Seimila ragazzi sono partiti e 3.200 già tornati, in 5 anni investiti 80 milioni di euro per finanziare i progetti per formare ragazzi. Entro marzo 2019 il nuovo bando della Regione

Seimila giovani sono partiti e 3.200 sono già tornati, in cinque anni sono stati investiti 80 milioni di euro per finanziare i progetti tra enti, aziende, università e associazioni. Sono circa 4 mila i partner che li hanno sostenuti. Questi i numeri di “Torno Subito”, il programma della Regione Lazio rivolto a studenti, universitari, laureati – ma anche ai diplomati nei settori che riguardano il Cinema e l’Enogastronomico – tra i 18 e i 35 anni che vogliono migliorarsi e crescere per inseguire i loro sogni.

“Torno subito” fa parte del Programma Operativo Fondo Sociale Europeo Regione Lazio (POR FSE) 2014-2020 e rappresenta una sorta di biglietto di andata e ritorno che servirà a far rientrare nel Lazio giovani meglio formati, con un curriculum arricchito da esperienze professionali e dal confronto con un mondo del lavoro in cui è oramai necessario sapersi orientare a livello internazionale.
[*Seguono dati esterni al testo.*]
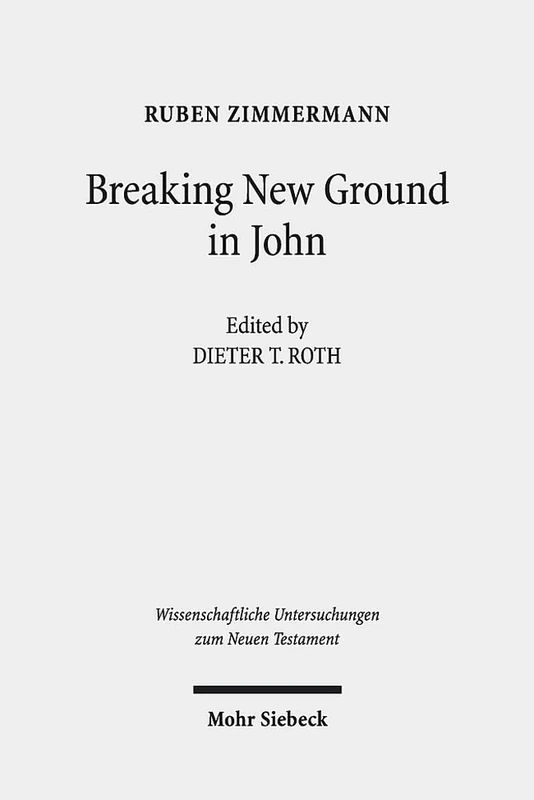 Breaking New Ground in John: Imagery, Parables, Characters, Christology, and Ethics in the Fourth Gospel: 531 (Wissenschaftliche Untersuchungen zum Neuen Testament)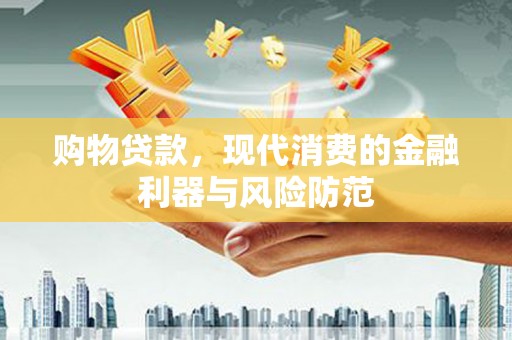 云林购物贷款，现代消费的金融利器与风险防范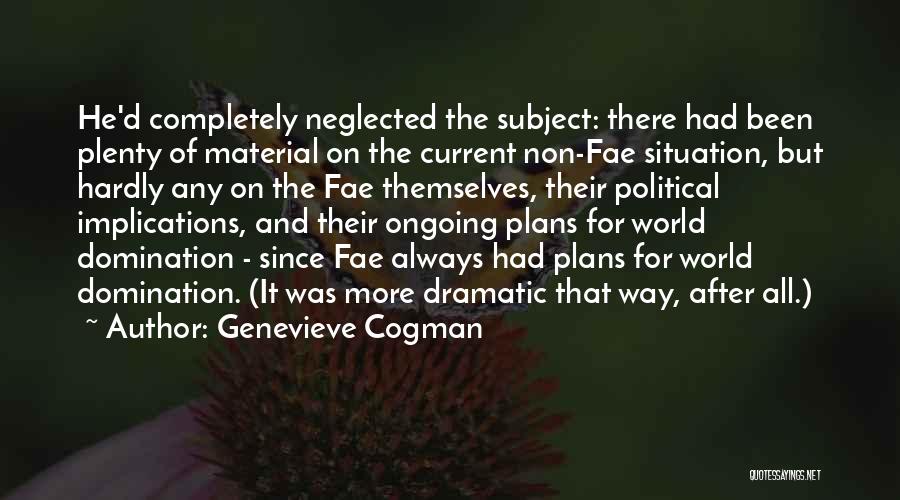 Genevieve Cogman Quotes: He'd Completely Neglected The Subject: There Had Been Plenty Of Material On The Current Non-fae Situation, But Hardly Any On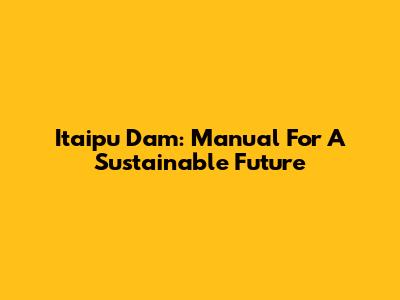 Itaipu Dam: Manual For A Sustainable Future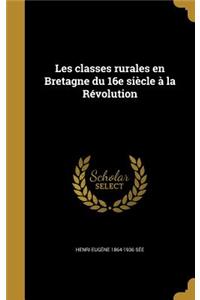 Les classes rurales en Bretagne du 16e siècle à la Révolution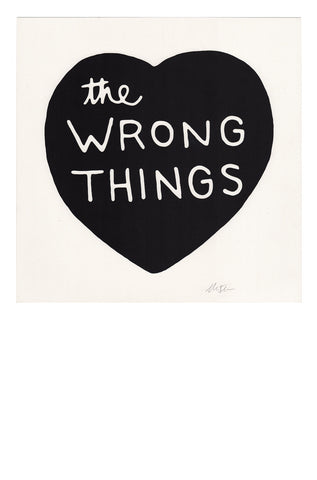 Wrong Things Print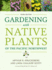 Gardening With Native Plants of the Pacific Northwest: an Illustrated Guide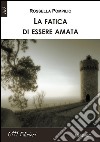 La fatica di essere amata. E-book. Formato EPUB ebook di Rossella Pompilio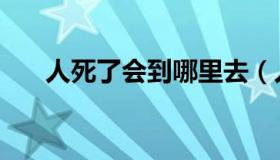 人死了会到哪里去（人死了会去哪里）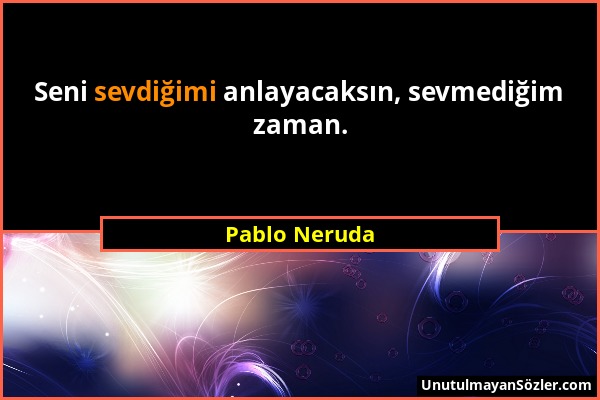 Pablo Neruda - Seni sevdiğimi anlayacaksın, sevmediğim zaman....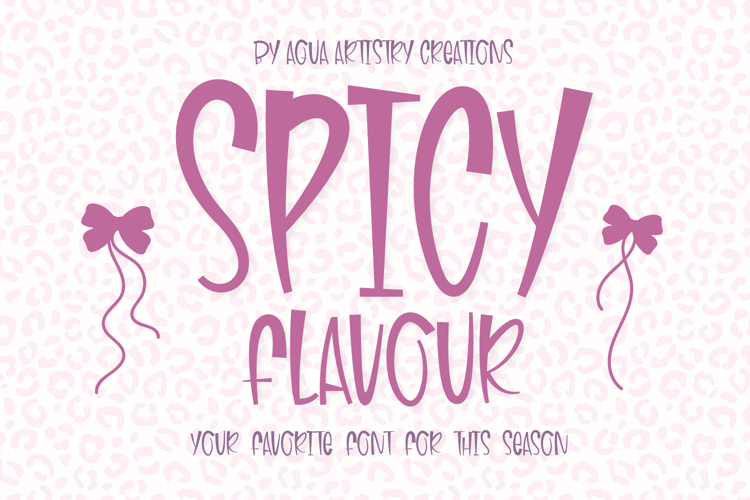 SPICY FLAVOUR Spring Favorite Display Font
Si tratta cioè di un intervento che prevede percorsi di alta formazione e di esperienze professionali, da realizzarsi in parte fuori dal Lazio, quindi in altre regioni italiane, in paesi europei sia della UE che extracomunitari, e in parte anche all’interno del territorio regionale.

“Torno Subito” è arrivato alla sua quinta edizione, che si è già conclusa con la partenza di quasi mille ragazzi, ma è prevista l’apertura di un nuovo bando entro marzo 2019.

“Il successo di Torno Subito – spiega il vicepresidente e assessore alla Formazione, Massimiliano Smeriglio – è nei numeri e nelle testimonianze restituite dai ragazzi che lo hanno intrapreso. Si tratta di una grande occasione di crescita focalizzata sul processo di rafforzamento del senso di autonomia e responsabilità di una giovane generazione. Una sperimentazione, che intendiamo in continuo divenire, del reddito al cittadino in formazione e di contrasto al fenomeno della cosiddetta fuga dei cervelli. In questo programma, infatti, la partenza è una scelta e non una necessità e il ritorno è una possibilità concreta, progettata con il sostegno di un’Amministrazione Pubblica”.

Qualcuno lo ha definito un patto tra la Regione Lazio e i suoi giovani. “Si parte, si cresce e si torna” è infatti il claim della campagna informativa. Ed effettivamente si tratta di un percorso che serve ai ragazzi ma è utile anche all'intero “sistema Lazio” per preservare e valorizzare le sue risorse migliori. Pronti quindi per la nuova edizione 2019.